# Problems with emulsion - small and large holes popping up when coating



## jackneale (Aug 18, 2010)

Hi everyone,

I'm having some issues when coating my screens with emulsion. 

I am coating both sides of the screens using Autosol 5000 emulsion in a life safe environment (my loft/attic).

I have left the screens to dry for approximately 24 hours and a few of them are still wet. The loft/attic is quite cool - could that be why they haven't all dried? 

My main issue is that I keep getting both small and large holes pop up on some of my screens. I can never get a smooth coat that has no imperfections. What am I doing me wrong? It's getting on my nerves.

Please somebody help! Thank's for your help guys.

Jack

Please see images below.


----------



## jackneale (Aug 18, 2010)

*light safe
*what am I doing wrong?


----------



## Ripcord (Sep 2, 2006)

Those holes can be caused by oil on the screen repelling the water based emulsion. The oil can be from touching the screen with your hands, ink residue or chemicals that weren't properly rinsed out. Make sure your screens are thoroughly clean and dry before you coat. As an added step you can scrub a clean screen down with some detergent/ water solution to degrease the screen, however I've found that if you do a good job cleaning and reclaiming the screen degreasing isn't necessary (the solvent you wash the ink out with is in fact a degreaser...)


----------



## Celtic (Feb 19, 2008)

Agreed.
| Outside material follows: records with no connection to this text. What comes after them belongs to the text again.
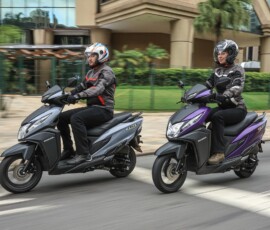 Honda Elite 125 2027 Honda Elite 125 2027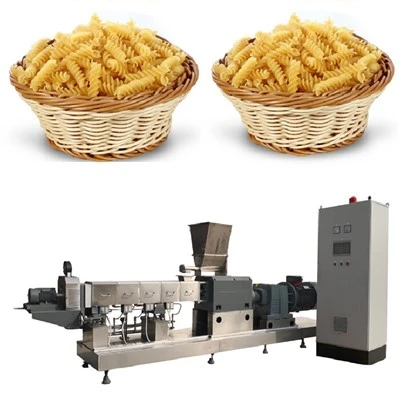 Extrudér na výrobu cestovín z makarónov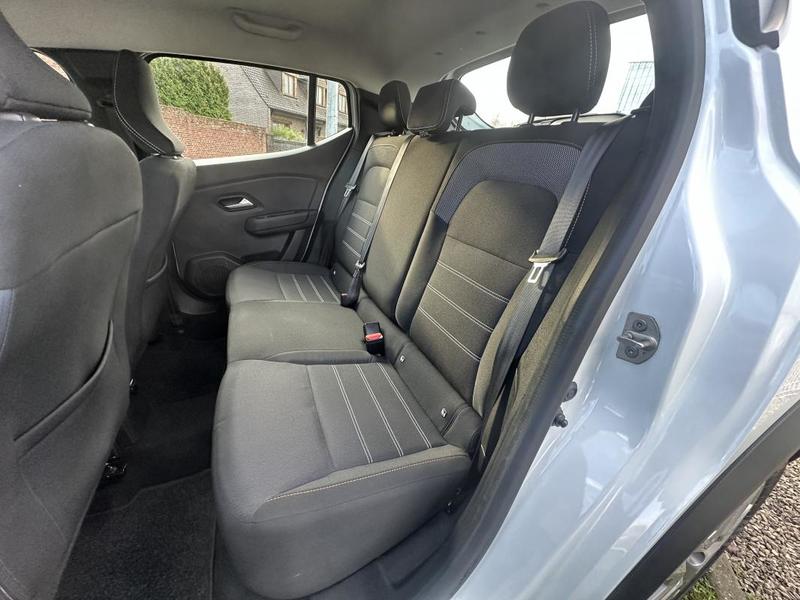 Dacia sandero III Stepway Confort Cvt 1.0 TCe 90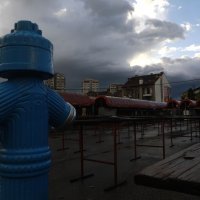 Kiša u Zagrebu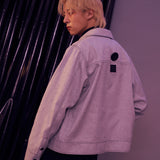 WHITE denim jacket (6591803916406)
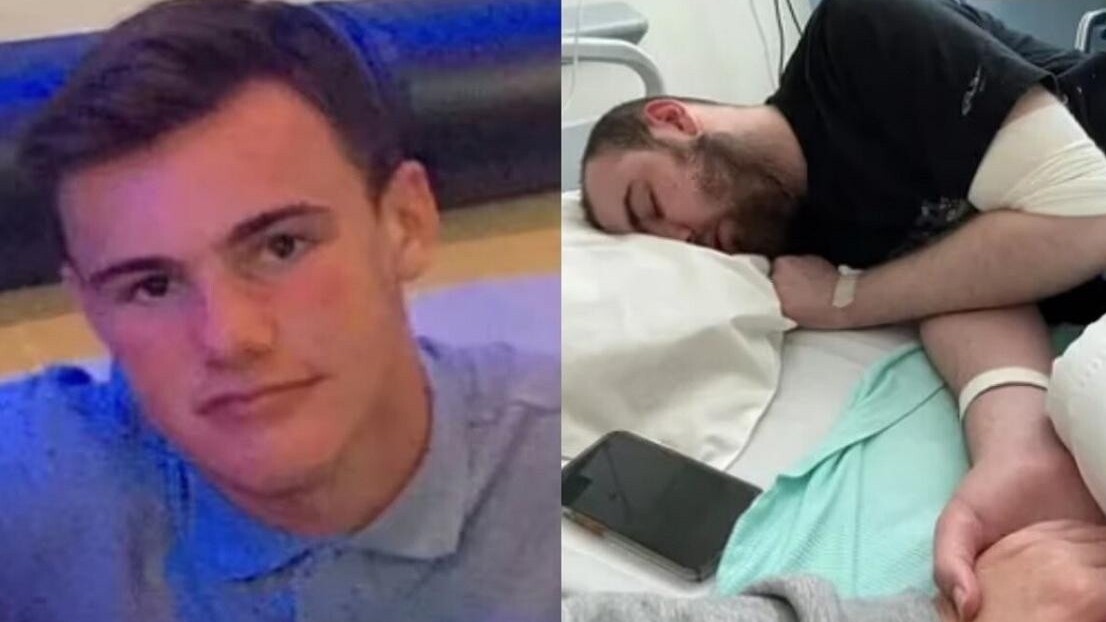 Chàng trai mắc ung thư máu ở tuổi 19: Dấu hiệu đầu tiên ai cũng nên biết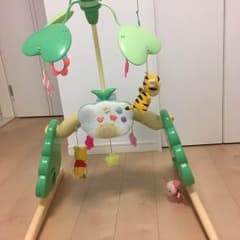 プーさん6WAYジムにへんしんメリーのサムネイル
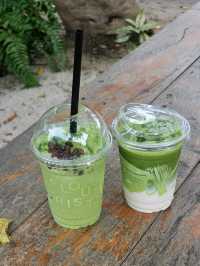 Flourist matchahouse Cafe | ปทุมธานี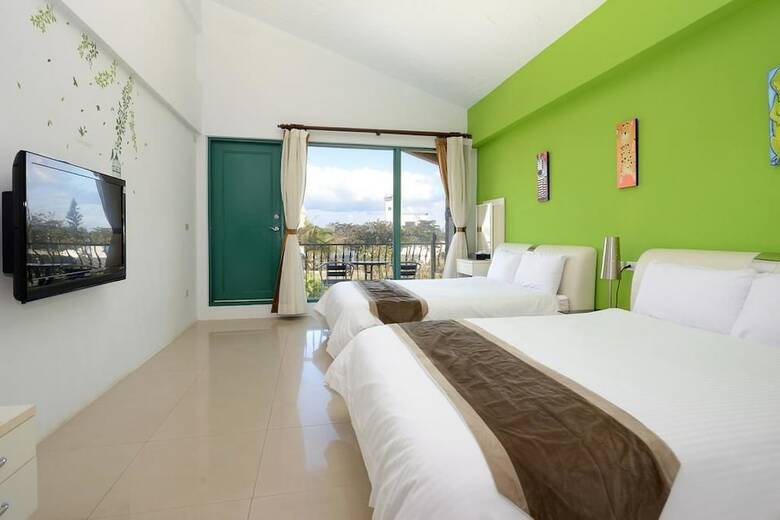Posada Da Jen Shan Style Resort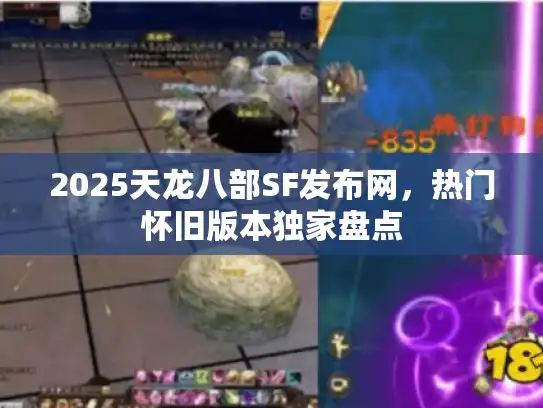2025天龙八部SF发布网，热门怀旧版本独家盘点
Your screen contaminants are forming resists.
I always degrease my screens.
Also, you want your emulsion to be completely dry before exposing. 
If they're slimy when you rinse after exposing, they weren't fully dry before exposure.
Cooler temps as well as humidity affect the speed or slowness of your drying. 
Hmm, also, if your attic is dusty, you'll have dust getting into your emulsion as it dries too.

Hope this helps.


----------



## jackneale (Aug 18, 2010)

Thanks for the help Ripcord and Celtic. I didn't think touching the Screens would be such a big deal. I'll reclaim the screens tonight and give them a nice clean with degreaser. Thanks again


----------



## PSGMark (Oct 6, 2010)

People call those holes fish eyes. These guys are correct, oils in the ink that is left in the screen is pushing the emulsion away. Degrease and dehaze. There are a few dehazers out there that will remind you of hand cleaner - slightly gritty. We use an Enviro Block (basically a really good styrofoam block) to dehaze. Our scrub pads were leaving little pieces behind and these block don't and do a great job. Dry your screens in a dry environment. Maybe invest in a dehumidifier. We run around 65% - 70% humidity, but we have a DTS and don't want to dry the heads out. A little airflow might also help, just don't blow dust around.


----------



## jackneale (Aug 18, 2010)

Thanks Mark I really appreciate your response. I'm going to coat my screens in a different room where there isn't any dust (the attic is probably the worst place). I'll be buying a styrofoam block as you suggested and will consider purchasing a dehumidifier. Thanks again.


----------